* WORK TASK *
Whenever the string "Embroidered" turns up in a line below, that line should be copied.

BEGIN DATA EXTRACT

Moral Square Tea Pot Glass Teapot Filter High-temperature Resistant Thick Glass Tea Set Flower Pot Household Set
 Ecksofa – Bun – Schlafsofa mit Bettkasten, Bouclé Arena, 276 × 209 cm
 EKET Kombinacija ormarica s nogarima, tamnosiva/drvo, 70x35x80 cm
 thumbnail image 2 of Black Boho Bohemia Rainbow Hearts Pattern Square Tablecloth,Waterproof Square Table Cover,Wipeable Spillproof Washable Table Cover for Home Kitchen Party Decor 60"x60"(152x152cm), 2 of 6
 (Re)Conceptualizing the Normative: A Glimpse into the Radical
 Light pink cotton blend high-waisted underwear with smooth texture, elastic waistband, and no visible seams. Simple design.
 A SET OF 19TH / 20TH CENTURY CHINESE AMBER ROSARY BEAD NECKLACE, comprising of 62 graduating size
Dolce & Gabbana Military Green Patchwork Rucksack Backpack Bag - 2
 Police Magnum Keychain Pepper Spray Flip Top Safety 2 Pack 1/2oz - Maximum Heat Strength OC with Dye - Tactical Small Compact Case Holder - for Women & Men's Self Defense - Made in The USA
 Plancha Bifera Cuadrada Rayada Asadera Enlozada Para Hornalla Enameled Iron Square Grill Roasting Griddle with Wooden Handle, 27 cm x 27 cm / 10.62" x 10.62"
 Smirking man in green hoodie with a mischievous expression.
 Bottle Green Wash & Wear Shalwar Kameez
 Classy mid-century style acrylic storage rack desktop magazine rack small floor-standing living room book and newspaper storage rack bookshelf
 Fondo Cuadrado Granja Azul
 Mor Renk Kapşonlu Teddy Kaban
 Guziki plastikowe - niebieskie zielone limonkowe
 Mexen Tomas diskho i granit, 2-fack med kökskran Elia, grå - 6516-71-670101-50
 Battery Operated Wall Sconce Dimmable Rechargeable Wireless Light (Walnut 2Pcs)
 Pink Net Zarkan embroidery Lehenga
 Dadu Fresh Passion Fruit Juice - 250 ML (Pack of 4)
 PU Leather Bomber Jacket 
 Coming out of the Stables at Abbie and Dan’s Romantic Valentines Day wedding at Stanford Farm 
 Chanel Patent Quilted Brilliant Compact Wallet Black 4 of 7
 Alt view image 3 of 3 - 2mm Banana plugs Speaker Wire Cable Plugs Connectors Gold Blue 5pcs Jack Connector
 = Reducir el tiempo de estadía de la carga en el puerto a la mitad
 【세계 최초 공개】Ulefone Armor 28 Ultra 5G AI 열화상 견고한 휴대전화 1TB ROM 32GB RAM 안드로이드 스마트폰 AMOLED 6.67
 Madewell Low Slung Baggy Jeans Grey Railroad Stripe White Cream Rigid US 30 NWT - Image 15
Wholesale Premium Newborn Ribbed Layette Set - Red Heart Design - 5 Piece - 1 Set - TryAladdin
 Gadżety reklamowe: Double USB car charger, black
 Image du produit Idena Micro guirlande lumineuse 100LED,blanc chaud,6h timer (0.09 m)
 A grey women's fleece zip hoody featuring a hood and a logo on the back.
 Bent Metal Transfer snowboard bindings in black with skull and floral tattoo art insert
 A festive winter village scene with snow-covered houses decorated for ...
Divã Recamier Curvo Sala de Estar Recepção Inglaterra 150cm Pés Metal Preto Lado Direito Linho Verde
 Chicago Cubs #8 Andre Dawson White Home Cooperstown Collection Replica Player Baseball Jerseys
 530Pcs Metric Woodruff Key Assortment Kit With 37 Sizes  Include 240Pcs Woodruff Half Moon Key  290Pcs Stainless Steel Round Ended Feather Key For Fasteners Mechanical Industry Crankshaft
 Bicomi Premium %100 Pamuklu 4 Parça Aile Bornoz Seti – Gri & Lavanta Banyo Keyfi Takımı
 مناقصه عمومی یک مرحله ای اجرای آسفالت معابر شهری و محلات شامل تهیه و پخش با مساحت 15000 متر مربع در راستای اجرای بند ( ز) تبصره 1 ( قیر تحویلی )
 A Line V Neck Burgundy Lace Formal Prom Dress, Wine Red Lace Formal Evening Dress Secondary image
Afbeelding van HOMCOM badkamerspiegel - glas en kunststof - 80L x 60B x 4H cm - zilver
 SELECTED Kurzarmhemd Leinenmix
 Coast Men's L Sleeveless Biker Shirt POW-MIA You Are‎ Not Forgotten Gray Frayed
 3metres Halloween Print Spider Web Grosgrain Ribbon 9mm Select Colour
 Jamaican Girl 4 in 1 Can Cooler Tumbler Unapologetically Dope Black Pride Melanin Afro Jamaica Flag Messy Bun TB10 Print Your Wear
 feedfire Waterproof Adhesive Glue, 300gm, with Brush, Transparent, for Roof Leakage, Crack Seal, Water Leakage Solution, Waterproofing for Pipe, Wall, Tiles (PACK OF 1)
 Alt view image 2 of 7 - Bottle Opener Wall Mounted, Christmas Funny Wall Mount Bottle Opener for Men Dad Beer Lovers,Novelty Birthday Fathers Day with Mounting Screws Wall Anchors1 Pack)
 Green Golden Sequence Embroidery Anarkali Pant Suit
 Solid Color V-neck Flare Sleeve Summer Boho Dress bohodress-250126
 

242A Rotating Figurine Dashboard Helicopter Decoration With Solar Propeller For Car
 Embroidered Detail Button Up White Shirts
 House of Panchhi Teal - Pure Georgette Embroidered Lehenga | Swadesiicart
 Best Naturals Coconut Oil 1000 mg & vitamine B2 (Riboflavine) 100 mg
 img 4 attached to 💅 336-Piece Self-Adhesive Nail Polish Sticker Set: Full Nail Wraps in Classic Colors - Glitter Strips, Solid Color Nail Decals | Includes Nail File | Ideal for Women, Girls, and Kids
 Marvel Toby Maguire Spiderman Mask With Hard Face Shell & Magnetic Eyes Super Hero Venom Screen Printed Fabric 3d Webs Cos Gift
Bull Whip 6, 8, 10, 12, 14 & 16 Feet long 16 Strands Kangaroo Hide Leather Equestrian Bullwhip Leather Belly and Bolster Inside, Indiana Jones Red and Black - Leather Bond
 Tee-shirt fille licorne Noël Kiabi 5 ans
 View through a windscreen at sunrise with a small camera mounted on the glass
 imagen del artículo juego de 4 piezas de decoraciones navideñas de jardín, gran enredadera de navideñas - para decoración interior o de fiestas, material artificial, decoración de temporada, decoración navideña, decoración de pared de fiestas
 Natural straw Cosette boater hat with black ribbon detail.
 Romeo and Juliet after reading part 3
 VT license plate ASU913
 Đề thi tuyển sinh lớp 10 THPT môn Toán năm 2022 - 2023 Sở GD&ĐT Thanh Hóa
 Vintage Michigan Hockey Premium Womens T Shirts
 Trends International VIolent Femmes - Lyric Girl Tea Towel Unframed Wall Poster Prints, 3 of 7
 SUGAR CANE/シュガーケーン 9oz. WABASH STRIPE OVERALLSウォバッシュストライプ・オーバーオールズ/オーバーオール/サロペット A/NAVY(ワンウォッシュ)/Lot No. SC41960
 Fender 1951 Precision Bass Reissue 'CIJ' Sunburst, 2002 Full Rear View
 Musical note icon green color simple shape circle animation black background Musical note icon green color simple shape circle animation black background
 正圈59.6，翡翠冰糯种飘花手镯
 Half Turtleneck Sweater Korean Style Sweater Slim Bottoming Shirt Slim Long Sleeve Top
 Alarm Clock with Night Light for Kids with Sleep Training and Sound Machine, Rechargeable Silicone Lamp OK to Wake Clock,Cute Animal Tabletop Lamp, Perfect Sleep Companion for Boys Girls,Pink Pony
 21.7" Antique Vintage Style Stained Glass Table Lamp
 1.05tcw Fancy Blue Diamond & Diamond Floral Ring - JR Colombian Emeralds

END DATA EXTRACT

* WRITTEN RESPONSE *
 Embroidered Detail Button Up White Shirts
 House of Panchhi Teal - Pure Georgette Embroidered Lehenga | Swadesiicart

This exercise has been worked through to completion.